When the radiation is IN PHASE, it ADDS! (Unfortunately, OUT OF PHASE radiation cancels or subtracts). That is why you see a dipole rated at 2.5 dbi gain. Meaning nearly double the gain of a dipole in free space. Actually, it means gain over a point source radiator in free space. The point source would have a spherical radiation pattern. I suppose the lower half of that sphere would be reflected up by the ground and allowed to add the same way the lower portion of the donut pattern of a dipole does, but a point source does not exist in reality, a dipole does.
An actual doubling of power would equate to a 3db increase. So I guess the 2.5 (or 2.7)db gain makes allowance for an imperfect ground. (not a perfect RF mirror).
Before you rush out to measure the height of your dipole supports you might want to know that height above ground means height above ELECTRICAL ground. The reflected RF does not care where your lawn ends. It is more effected by where your water table starts.
Water tables vary in depth below the surface over time and seasons. So knowing were it is now may not be useful later. Then consider what might happen when it rains. Wouldn’t a wet lawn bring the electrical ground closer to the surface? Since it is unlikely that we will resort to variable height antenna supports, we need to strike a happy medium.

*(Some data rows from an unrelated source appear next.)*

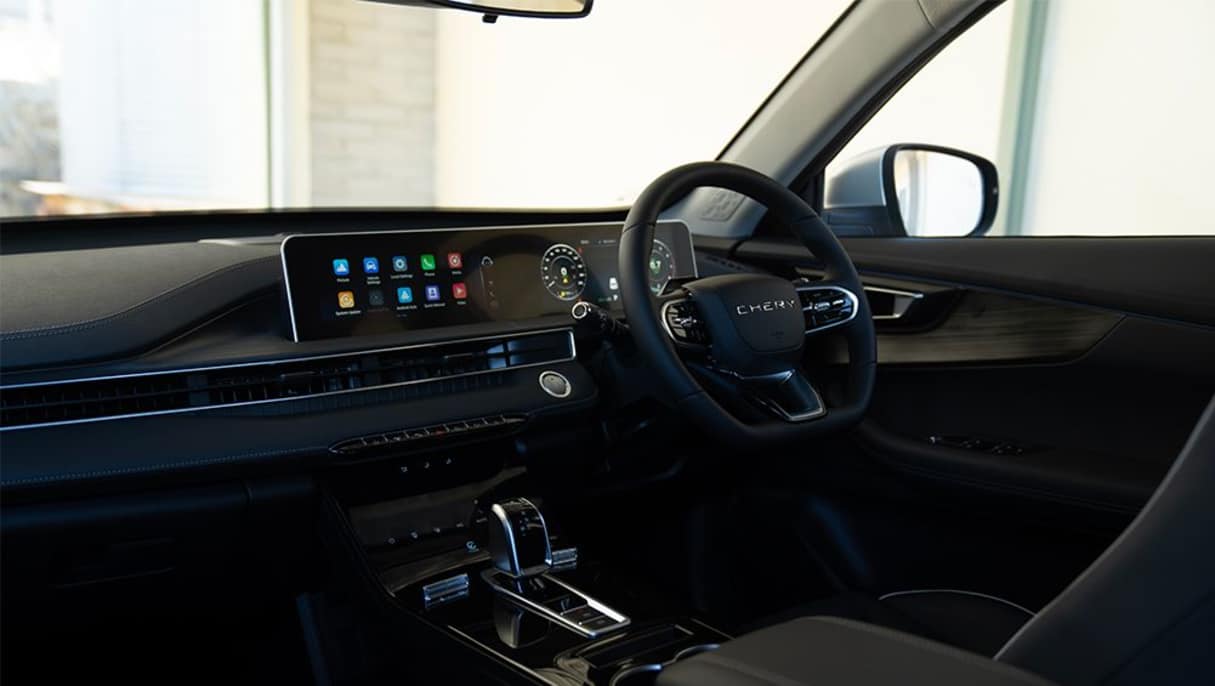 2025 Chery Tiggo 4 Pro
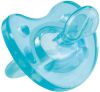 Chicco  Fopspeen Physio Soft Silicone 0m+ blauw met ring BPA-vrij online kopen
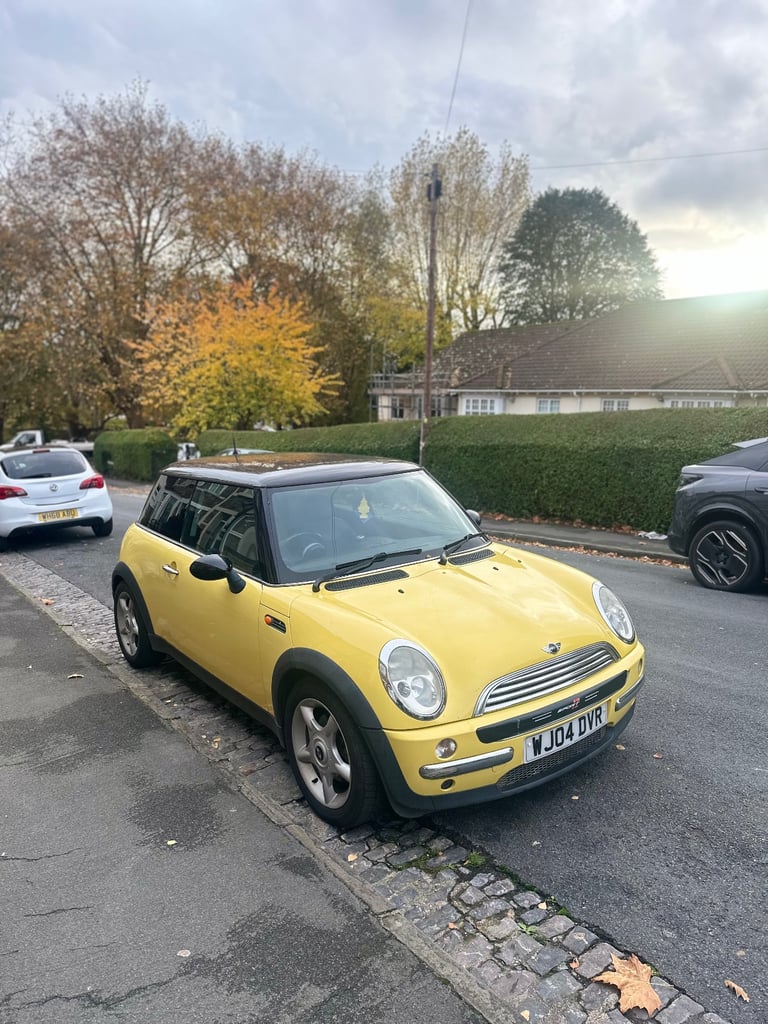 Mini, HATCHBACK, Hatchback, 2004, Manual, 1598 (cc), 3 doors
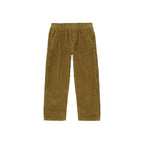 Pantalón Cintura Elástica Pana Bio - Marrón - Niño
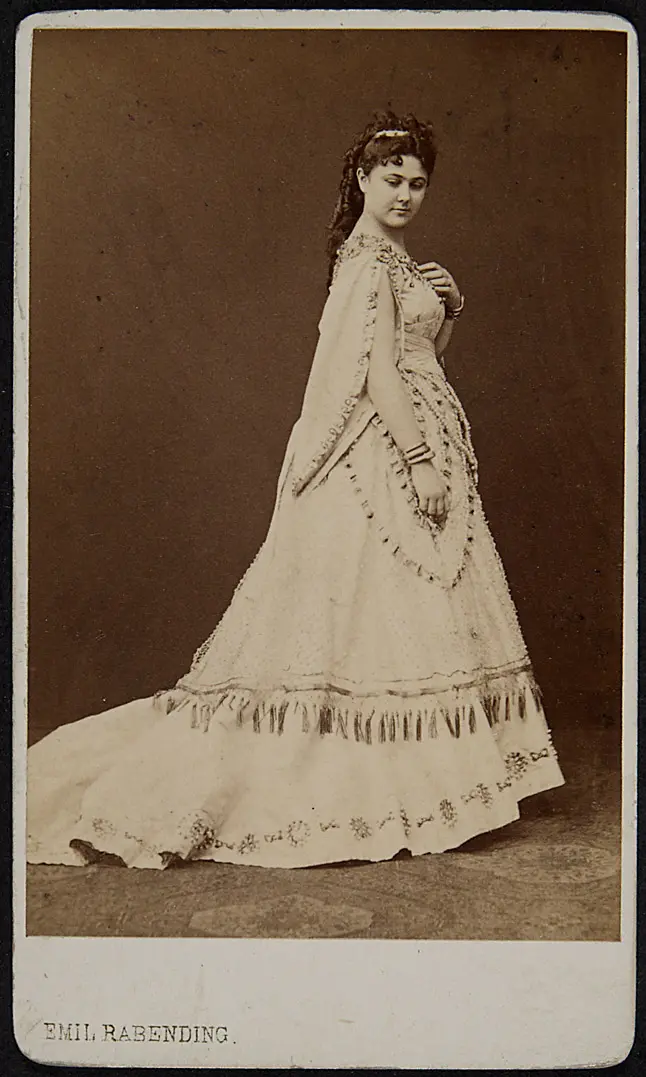 Minnie Hauck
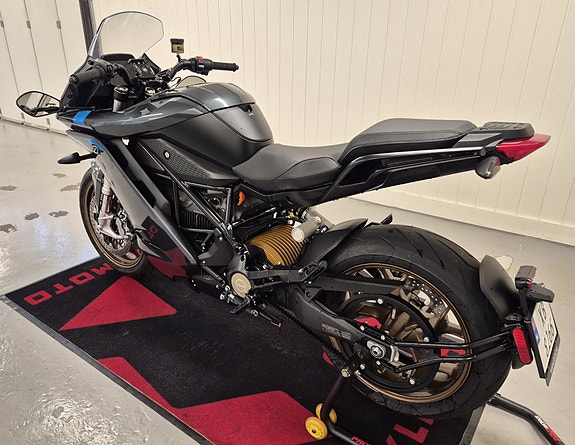 Zero SR/S 17.3 kWh/Premium/Cruise/Varmeholker/Revers/190Nm 6 of 30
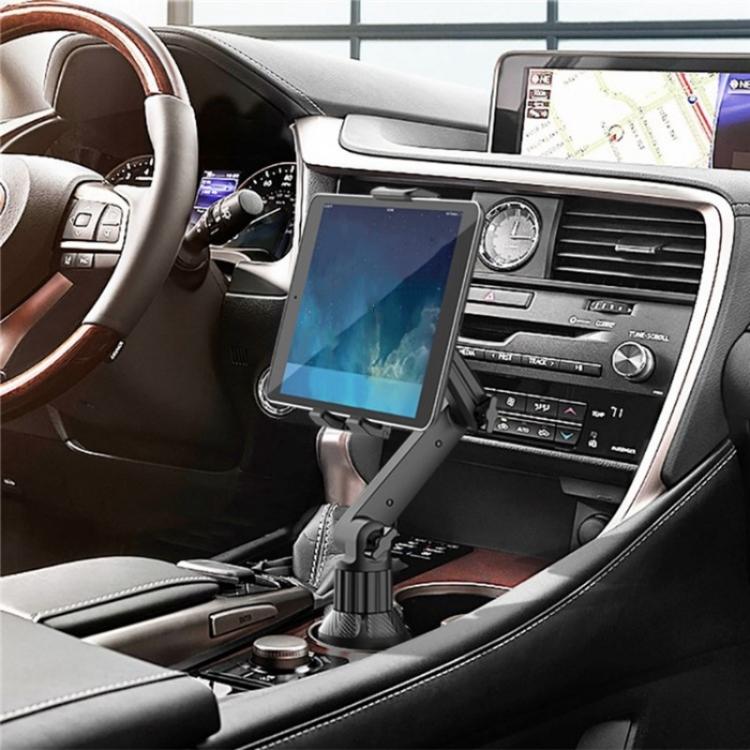 CUP-B18 Universal Car Cup Holder Mount Long Arm Bracket - Universal Car Holders by buy2fix | Online Shopping UK | buy2fix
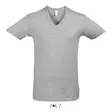Master V-aukkoinen Miesten T-paita (T10) - T-Paidat - T-0639 - 102
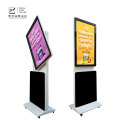 OEM 55 Touch Screen Kiosk rotativo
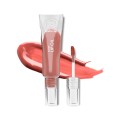 Сатинова блиск-олія для губ - 04 Коралл - FACEBOOM MAKE-UP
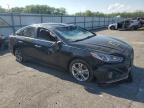 2019 Hyundai Sonata Limited de vânzare în Glassboro, NJ - Rollover
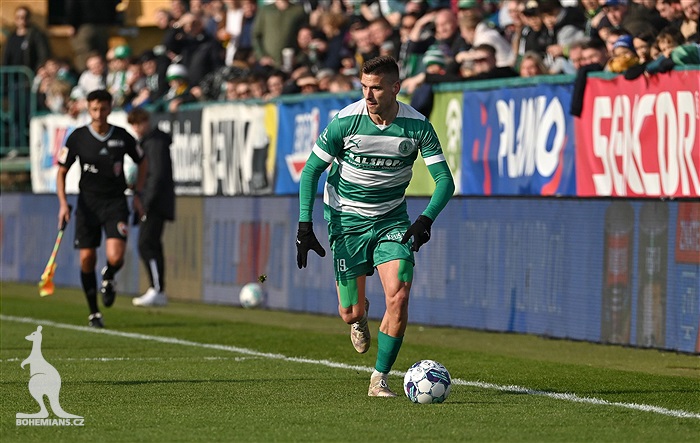 Bohemians - Mladá Boleslav 0:0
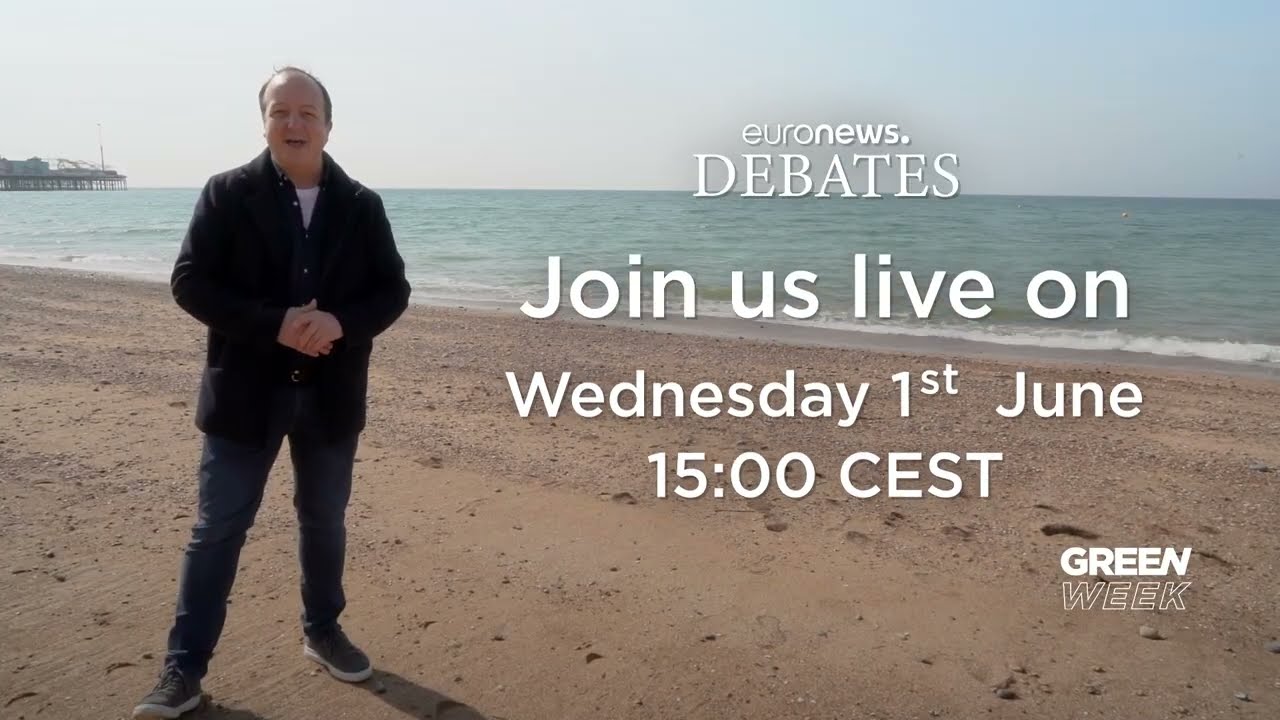 Euronews Debates: How can Europe fight the climate crisis?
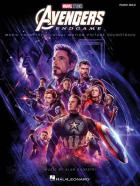                              Avengers Endgame - na fortepian
                             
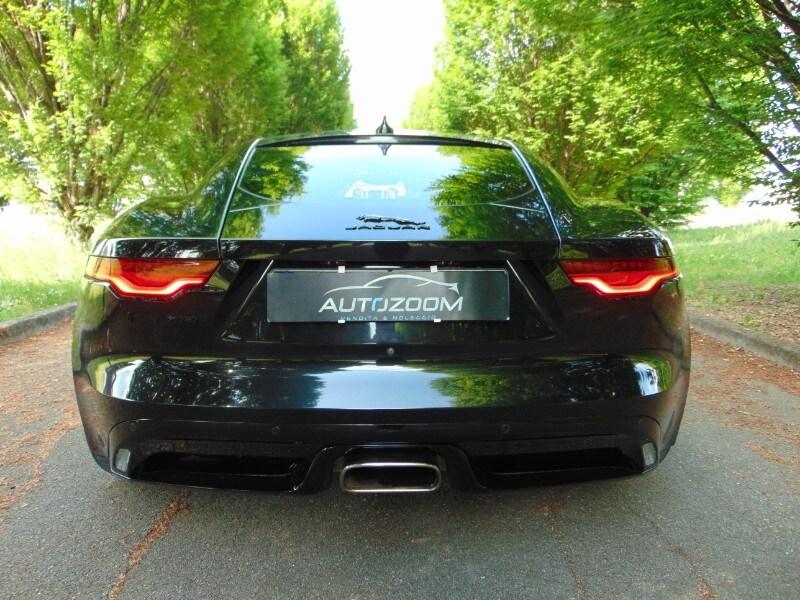 JAGUAR F-Type (X152) F-Type 2.0 aut. Coup...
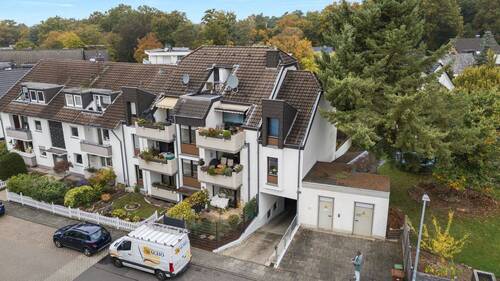Straßenansicht -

The electrical ground being below the surface of the lawn actually works in our favor because now we can lower the antenna supports and still get our quarter wavelength seperation between radiator and ground reflector.
In my area the electrical ground appears to be somewhere between 10 and 15 feet below the surface. I came to this conclusion because there is a creek running alongside my property about 300 feet to the west. The surface of the water in the creek is 10 to 15 feet below ground. My 75 meter dipole has its apex at 55 feet and appears to work fine.
‘Fine’ means I am happy with its performance. I have no idea if it would improve things by changing its height. I subscribe to the theory that is best to leave a sleeping dog lie. As long as you are sure he is not really dead.
As high as possible is not always a good solution. If you happen to be unlucky enough to hit 3/8 wavelength above electrical ground, the reflected RF will be OUT OF PHASE (3/4 wavelength round trip) and have a cancelling effect on the radiation leaving the antenna at the top. At 3/4 wavelength (round trip) you also loose that magic 75 ohm match. If you are using coax, losses in the feedline combined with the cancelling effect at the antenna may set a new poor performance record.
Optimizing a simple antenna system is not easy. Most people just give up and go to a beam to ensure success of some degree. Fiddling with height above electrical ground can be frustrating. Note that beams do not have to be made of expensive tubing. Wire works too if the supports are available.
Three db is only half an S unit in signal strength. Going to a two element beam can easily get you that 3db and more. Or you can always increase your transmitter power by 2X and gain that 3db. Note that increasing transmitter power to overcome antenna shortcomings does nothing for the received signal.
The antenna is the only place I know where you can improve your ability to hear signals as well as improving other stations ability to hear you. All by improving only the antenna. Biggest bang for the buck? Maybe not, but it will more likely occur with an investment in the antenna.